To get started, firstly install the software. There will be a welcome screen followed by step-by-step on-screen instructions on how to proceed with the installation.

^^^^^^^^^^^^^^^^

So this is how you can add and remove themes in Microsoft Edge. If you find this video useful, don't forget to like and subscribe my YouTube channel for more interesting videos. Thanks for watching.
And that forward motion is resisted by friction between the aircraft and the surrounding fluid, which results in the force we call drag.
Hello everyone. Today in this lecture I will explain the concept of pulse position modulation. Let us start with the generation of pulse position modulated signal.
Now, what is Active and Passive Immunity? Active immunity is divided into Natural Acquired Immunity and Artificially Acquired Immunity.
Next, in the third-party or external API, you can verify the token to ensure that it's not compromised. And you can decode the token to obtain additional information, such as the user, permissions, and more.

^^^^^^^^^^^^^^^^

# Assignment
Look through the data above and return exactly the lines from the one that contains "Hello everyone. Today" to the one that contains "Next, in the", inclusive, with nothing else.

# Response to the task
Hello everyone. Today in this lecture I will explain the concept of pulse position modulation. Let us start with the generation of pulse position modulated signal.
Now, what is Active and Passive Immunity? Active immunity is divided into Natural Acquired Immunity and Artificially Acquired Immunity.
Next, in the third-party or external API, you can verify the token to ensure that it's not compromised. And you can decode the token to obtain additional information, such as the user, permissions, and more.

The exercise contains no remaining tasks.